Maybe we shouldn't be rewarding artists at all. The old cliche of an artist starving in a garret, there is merit in that. You are right, the genuine artists work without expectation of reward beyond the incomparable reward of their own work. Not just standard 'artists' either, someone recently won a million dollar prize for solving a mathematical problem and he didn't turn up to collect it. The prize for him was solving the problem. He knows he doesn't need much money and someone of his talent will never be allowed to starve.

Still, even if you disagree with that then there are ways to reward the artist without paying the middle-men / business-men that are the real parasites.
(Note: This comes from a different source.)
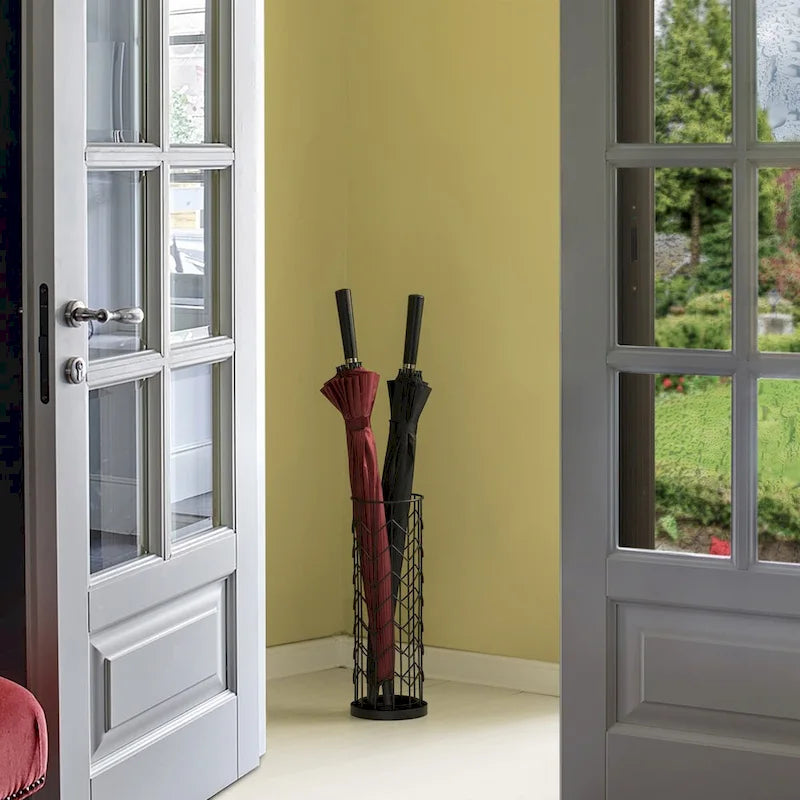 Porte-parapluie rond noir à design horizontal pour l'intérieur et l'extérieur avec bac de récupération d'eau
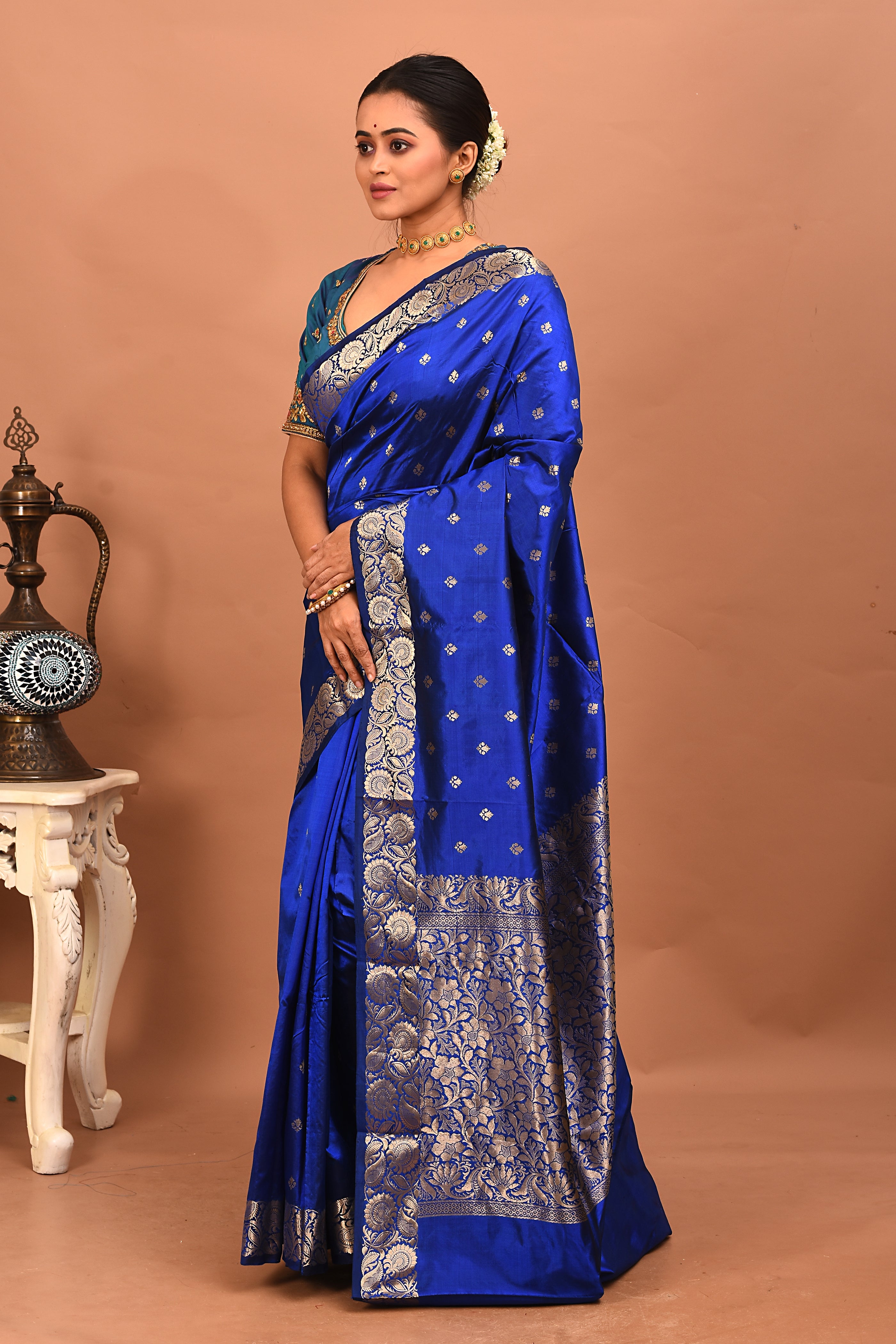 Blue Pure Katan Silk Saree - Keya Seth Exclusive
For instance, I downloaded a Dick Gaughan album. I don't have a credit card or money but I do realise I owe the guy something, so next time he is playing somewhere local I will turn up and pass him £10. I bet few record companies pay an artist £10 everytime I buy a CD. Genuis doesn't need copyright law to protect itself. Copyright is a sort of mafia 'insurance' for the second-rate, the shoddy, the fakers offered by capitalista dons.

Danny


drivel ...

19.04.2009 16:14

'And yet the police-state response is to close down the whole highway ? Why don't they just ban all road travel tommorow to ensure no more road-crime? This is like imprisoning the road's architect and road-builders and hold them responsible for all the subsequent crimes commited on that road.'

No, Danny, you don't ban the road; you ban the driver - in other words, Pirate Bay. Pursuing analogies too far is never a good idea, but the Pirate Bay has been caught speeding, and has thus lost his licence. Note: not all P2P networks have been banned.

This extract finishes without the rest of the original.